### Required action
Everything from the line with "a bathroom with a sink a toilet and bathtub" down to the line with "Packages with fruits" below must be printed exactly, those two lines included. Exclude pictures.
━━━ Source data ━━━
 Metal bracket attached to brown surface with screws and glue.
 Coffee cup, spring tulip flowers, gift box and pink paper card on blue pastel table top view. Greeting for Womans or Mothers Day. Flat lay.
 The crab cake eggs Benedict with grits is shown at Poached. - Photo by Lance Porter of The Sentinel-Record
━━━
━━━ Source data ━━━
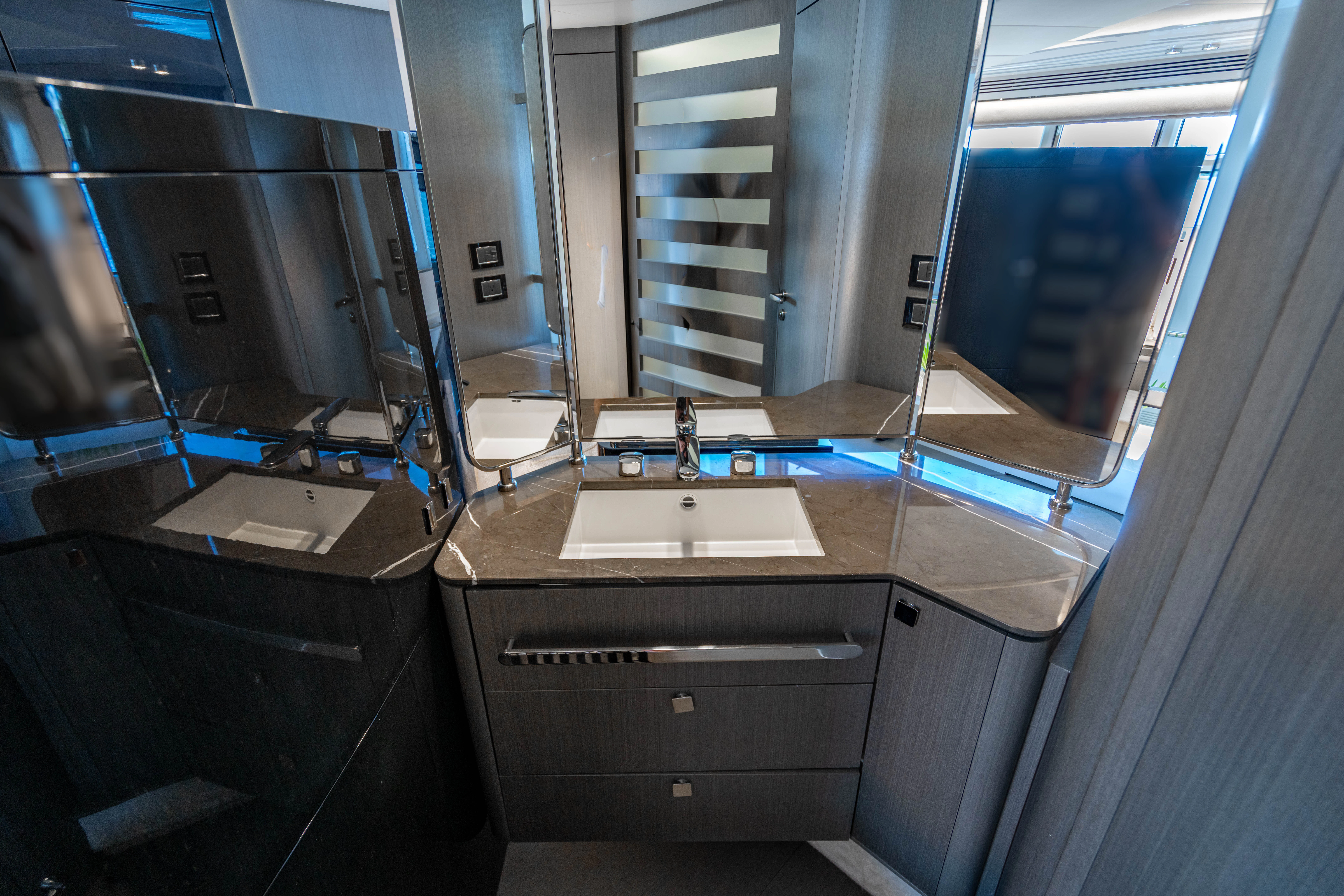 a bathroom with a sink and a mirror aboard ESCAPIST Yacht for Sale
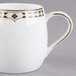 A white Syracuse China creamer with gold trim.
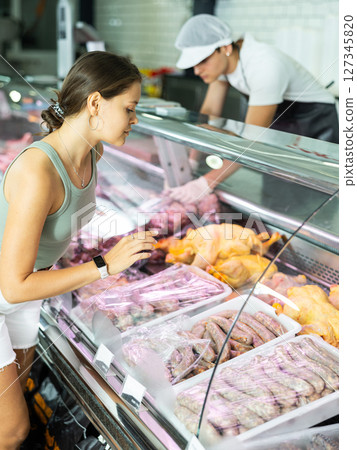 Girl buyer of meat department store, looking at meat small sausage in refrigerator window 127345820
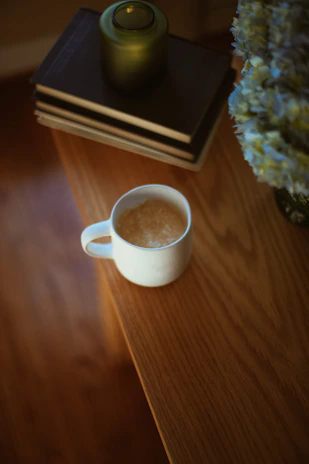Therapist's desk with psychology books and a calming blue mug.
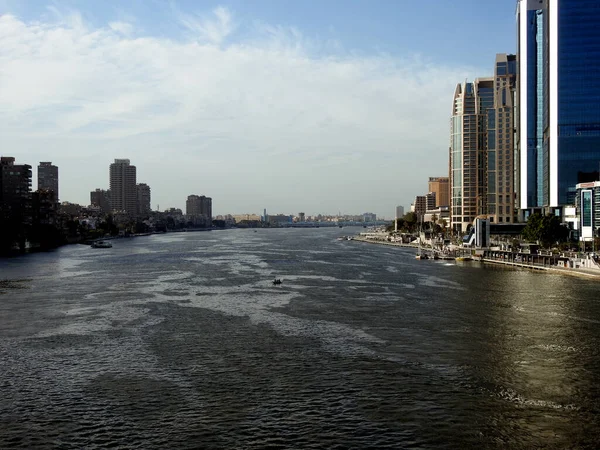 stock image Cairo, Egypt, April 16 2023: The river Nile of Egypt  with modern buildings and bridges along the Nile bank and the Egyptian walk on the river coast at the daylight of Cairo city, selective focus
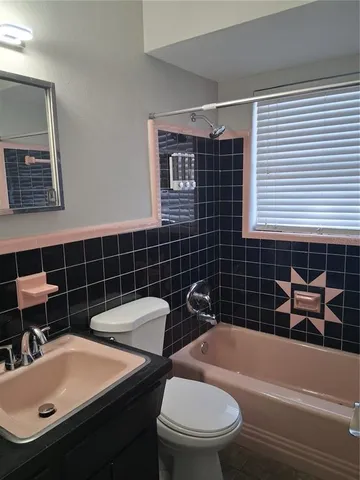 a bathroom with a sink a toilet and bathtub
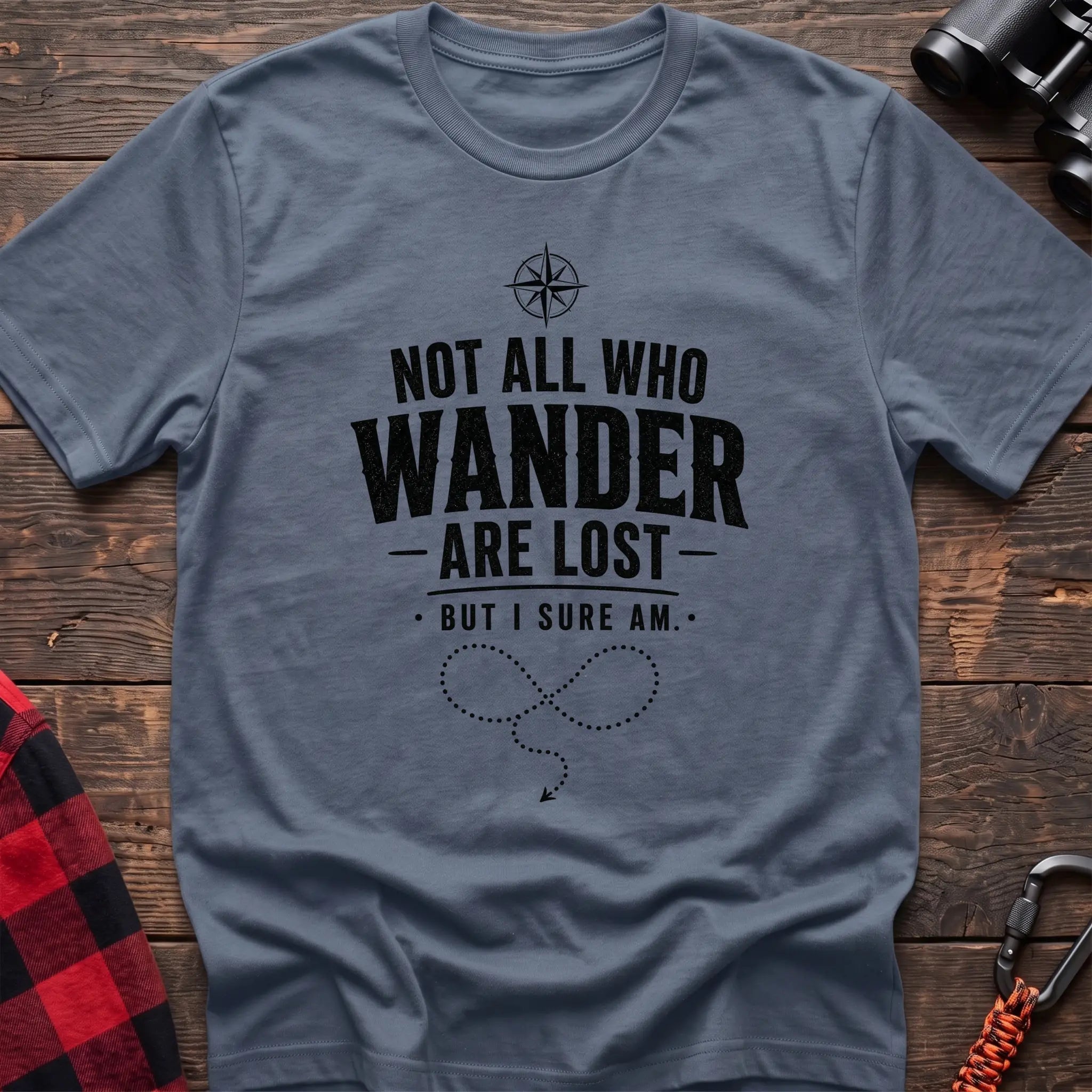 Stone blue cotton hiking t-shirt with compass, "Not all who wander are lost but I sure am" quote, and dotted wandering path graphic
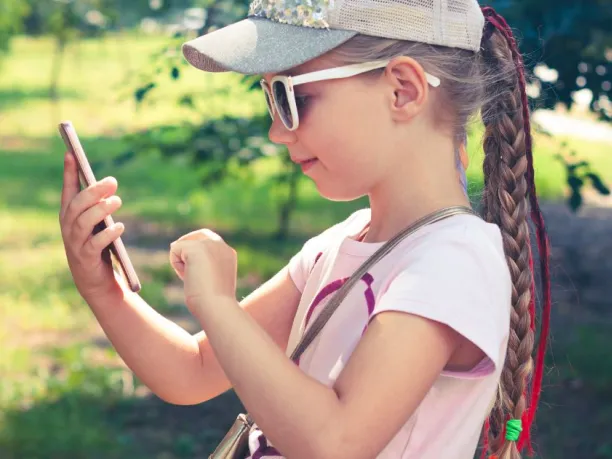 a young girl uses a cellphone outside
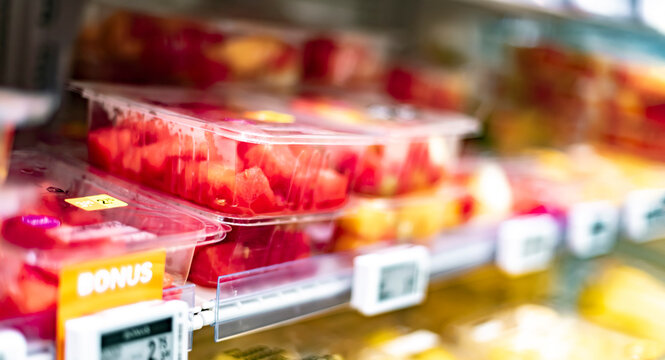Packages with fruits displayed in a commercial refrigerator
━━━
━━━ Source data ━━━
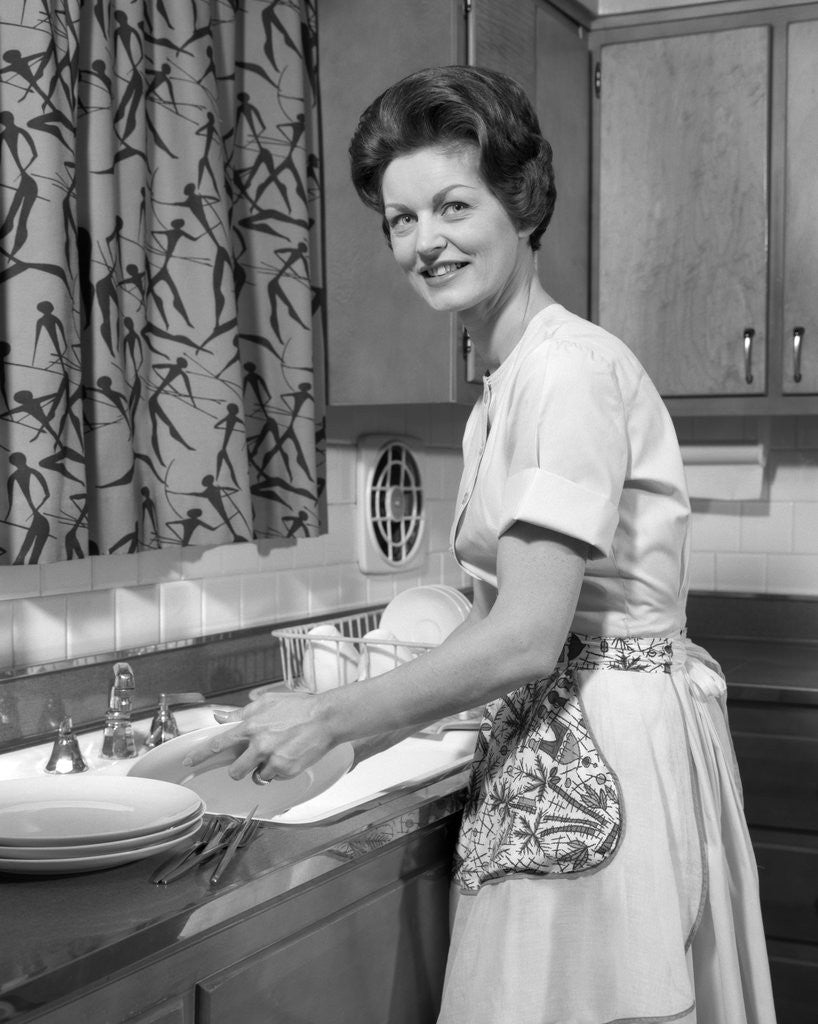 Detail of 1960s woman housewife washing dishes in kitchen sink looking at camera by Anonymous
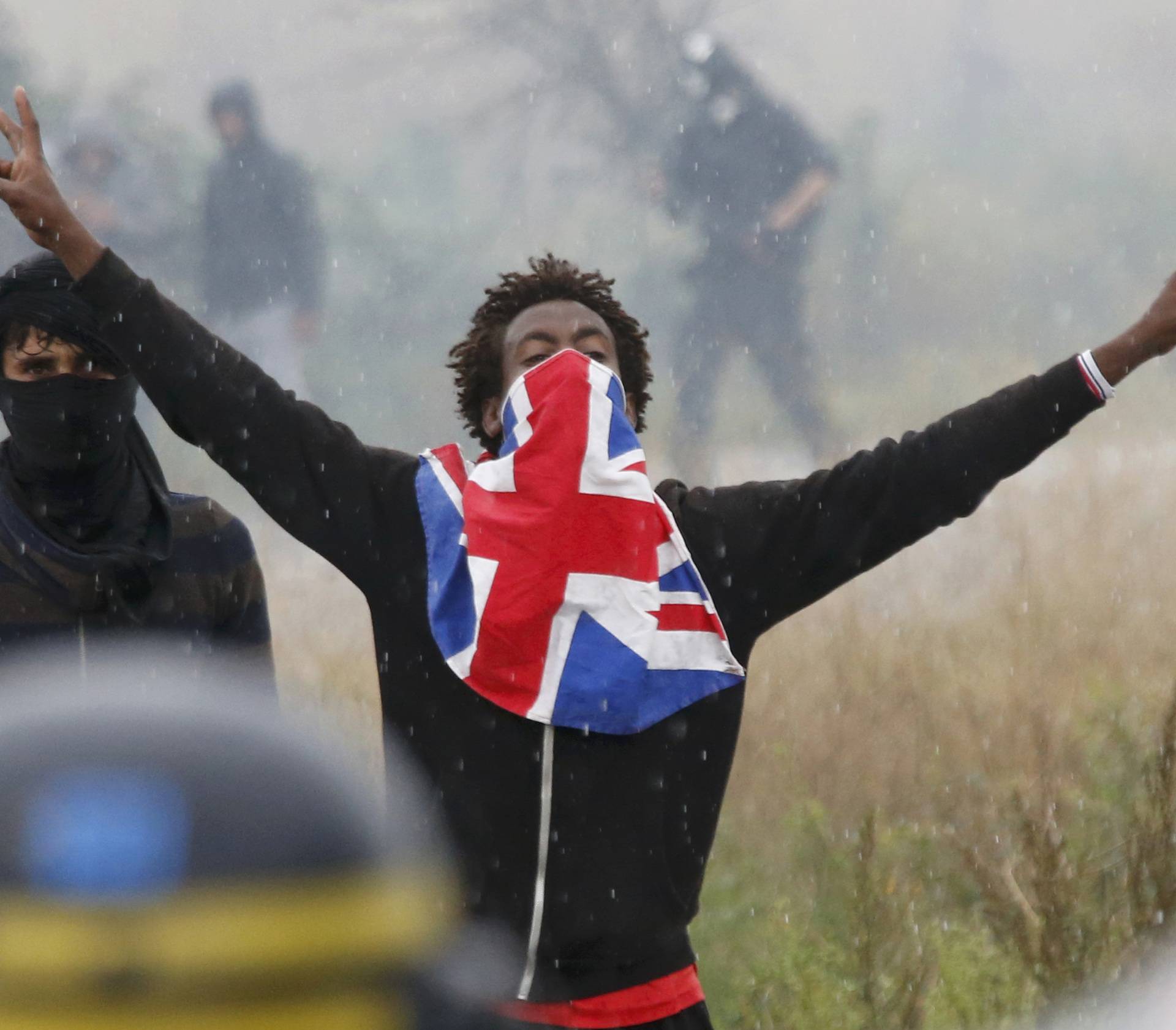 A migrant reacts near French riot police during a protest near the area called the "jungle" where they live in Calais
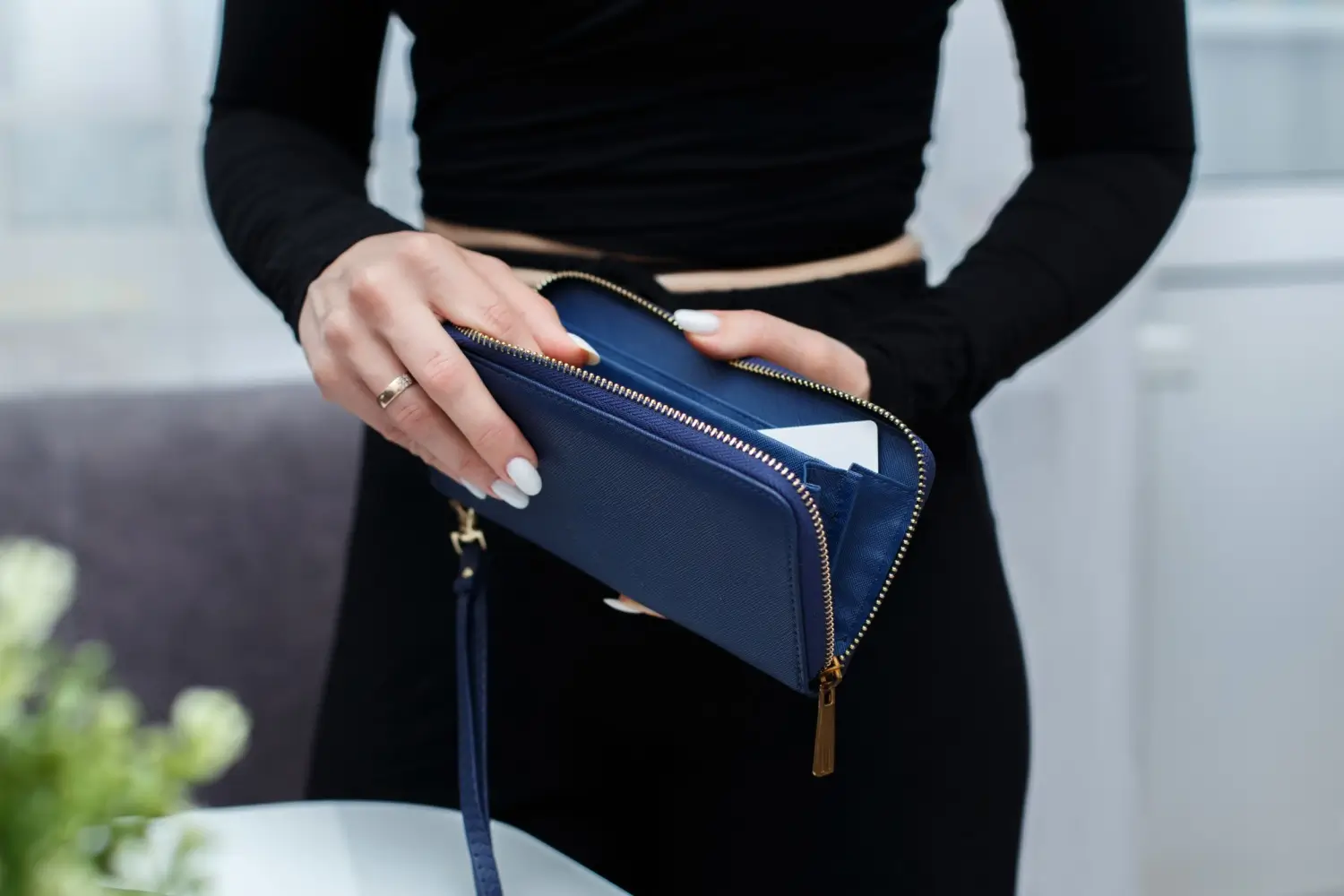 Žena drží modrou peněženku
━━━
### Task result
 a bathroom with a sink a toilet and bathtub
 Stone blue cotton hiking t-shirt with compass, "Not all who wander are lost but I sure am" quote, and dotted wandering path graphic
 a young girl uses a cellphone outside
Packages with fruits displayed in a commercial refrigerator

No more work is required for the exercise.